Le 22 février, l'ambassade britannique à Paris accueillait une journée de rencontres autour de l'esclavage moderne dans la chaîne d'approvisionnement textile. Un rendez-vous qui a notamment été l'occasion d'aborder différentes initiatives destinées à accompagner les démarches des entreprises dans leur cheminement vers plus d'éthique et de transparence.


A gauche et à droite de la scène, Marguerite Dorangeon (Clothparency), Agathe Roussel (Makesense), Katie Shaw (Open Apparel Registry) et Craig Merlson (TechUK) - MG/FNW


Une direction qui se fait urgente notamment en raison de l'appétence des clients pour une consommation plus responsable, a rappelé Marguerite Dorangeon, cofondatrice de Clothparency, application qui permet de découvrir l'impact social et environnemental des vêtements pour permettre au client de choisir en conséquence. « Tout part du fait qu'il y a un vraiment manque d'information concernant les vêtements, côté consommateurs », explique la responsable. « Ce qui fait que quand une marque diffuse des informations sur les démarches vertueuses qu'elle entreprend, les clients doutent, craignent du greenwashing, du fait que l'on ne parle que des points négatifs.

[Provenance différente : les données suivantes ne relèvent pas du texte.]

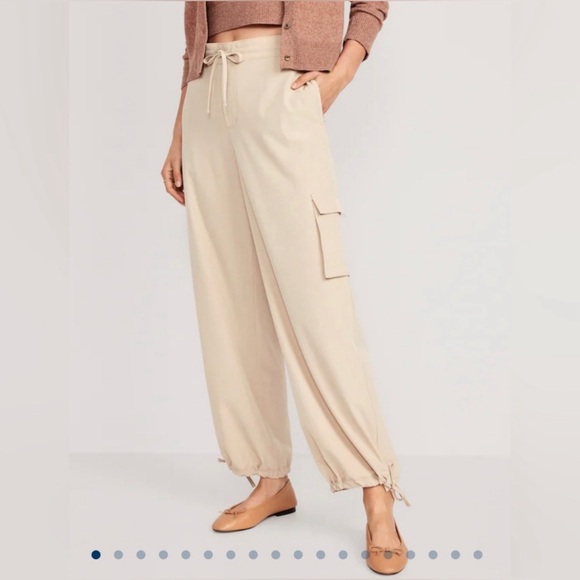 NEW High-Waisted StretchTech Wide-Leg Beige Cargo Pants for Women - Picture 2 of 11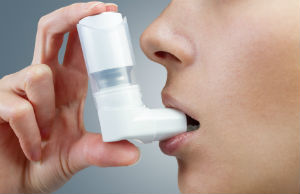 woman-asthma-inhaler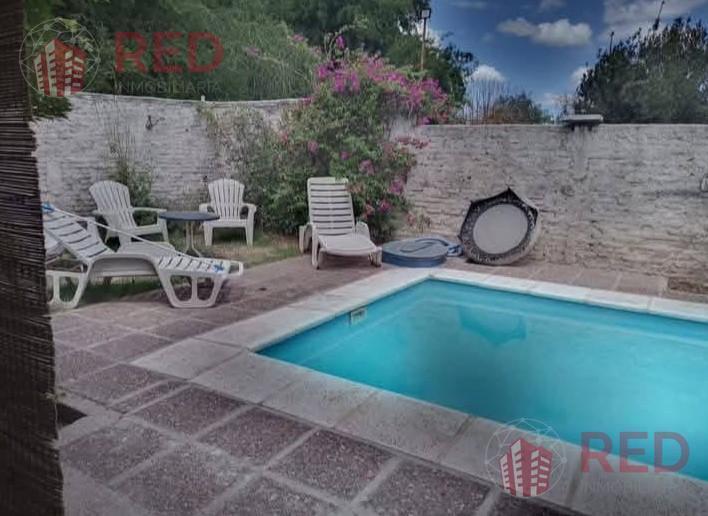 Casa · 658m² · 5 Dormitorios · 1 Cochera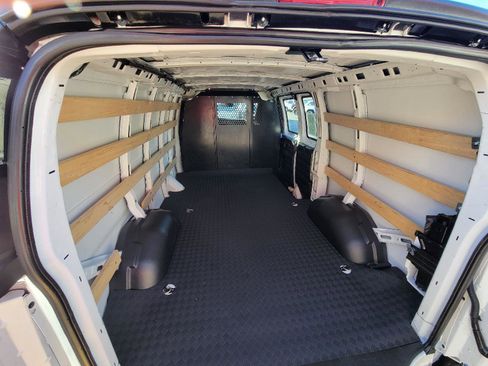 Used 2024 GMC Savana 2500 w/ Driver Convenience Package image 26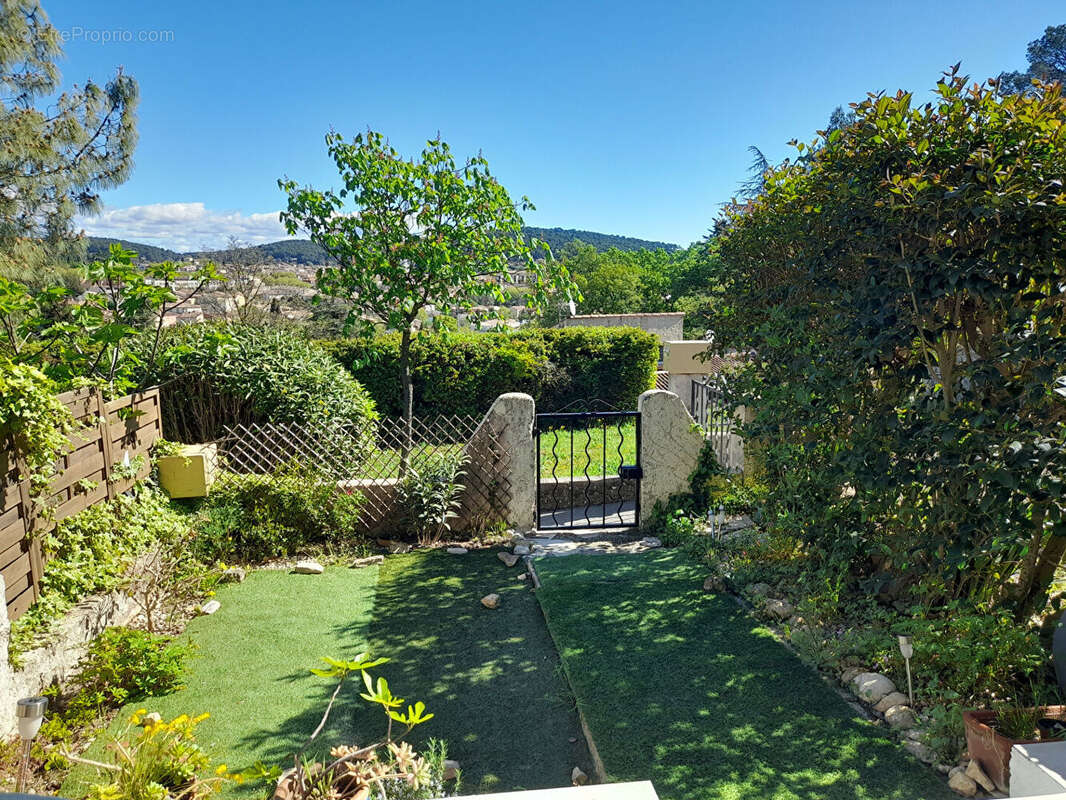 Lorgues, Au calme charmant studio avec jardinet , terrasse et vue dégagée. - photo 13
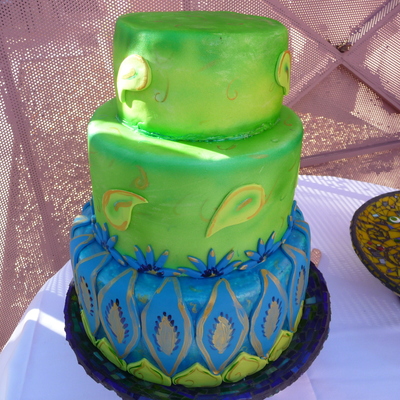 3 Tier Wedd Cake Was To Have Two Peas On Top All Hand Painted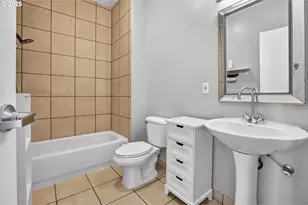 12600 SW Crescent St, Beaverton, OR 97005 - Photo 31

Communiquer sur tout, y compris sur ce qu'on ne fait pas, devient essentiel pour contrer cela. »

Mais, comme le montre une étude de l'Institut Français de la Mode abordée par FashionNetwork, nombre de distributeurs ne savent eux-même pas d'où viennent les tissus de leurs collections. Ce à quoi compte remédier Open Apparel Registry, ou OAR, initiative qui entend permettre d'identifier toutes les sociétés de la filière à travers le monde. « Il règne une vraie confusion autour des sociétés de production, y compris parfois jusqu'à leurs coordonnées », explique Katie Shaw, outreach manager de l'opération. « Trois donneurs d'ordre attribuent parfois trois noms différents à un fournisseur, ce qui rend l'évaluation de leur poids, de leur sérieux et de leur respect des règles très difficile. L'idée est de donnée à chacun un identifiant chiffré, qui permettrait pour la première fois de structurer une vision d'ensemble. »

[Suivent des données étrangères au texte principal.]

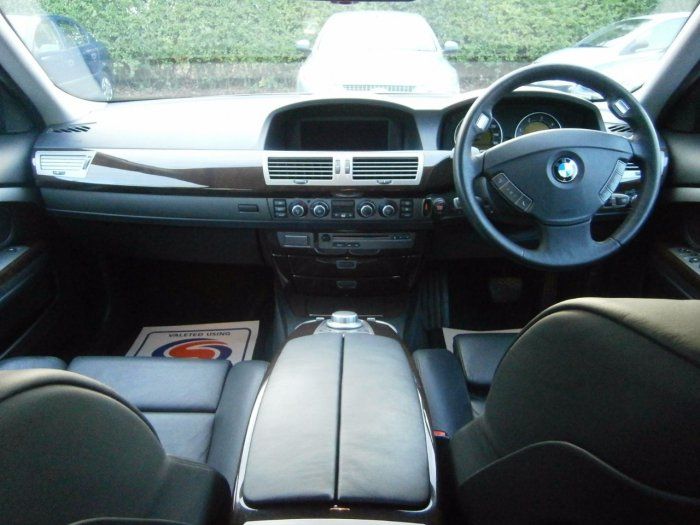 2008 BMW 7 Series 3.0 730d Sport 4dr image 4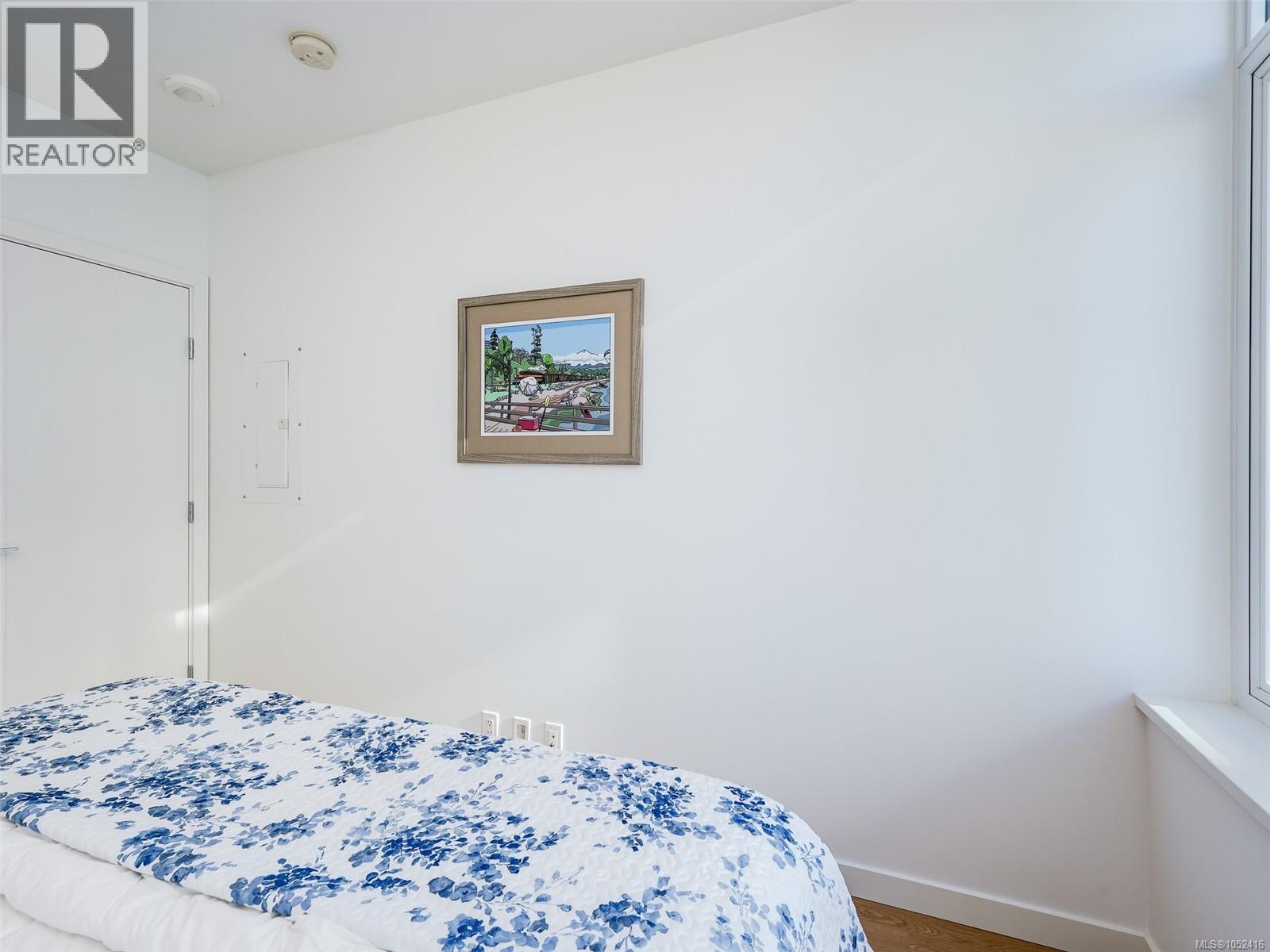 #606 363 Tyee Rd - 16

Une approche technique que comprend bien Craig Melson, directeur des programmes de TechUK, fédération britannique de l'industrie digitale qui regroupe un millier de sociétés et qui a intégré durabilité et droits de l'Homme dans son approche. « C'est une industrie encore jeune et nous faisons en sorte d'y insuffler les bonnes pratiques », explique le responsable. « Mais par des programmes comme Tech Against Trafficking, nous pouvons aussi mettre la technique au service de la lutte contre l'esclavage moderne. Car, par l'amoncellement des données, il devient plus facile d'identifier les entreprises et zones à risques pour ce qui est des productions. »

Le défi du partage d'informations

Est ainsi citée la possibilité désormais offerte par l'intelligence artificielle d'anticiper d’éventuelles infractions. « Si vous avez accès aux données fiscales, aux informations publiques, aux données locatives, aux commandes passées... l'IA (intelligence artificielle) devient progressivement capable de vous dire quand il y a un risque qu'une production recoure au travail forcé », explique Craig Melson, qui note par ailleurs les possibilités de données sécurisées permises par les blockchains (ensemble de données infalsifiables car verrouillées après validation par des pairs). Un enthousiasme cependant largement tempéré par Katie Shaw, qui rappelle que l'industrie de la mode s'est historiquement enterrée dans un mutisme concurrentiel autour de ses données.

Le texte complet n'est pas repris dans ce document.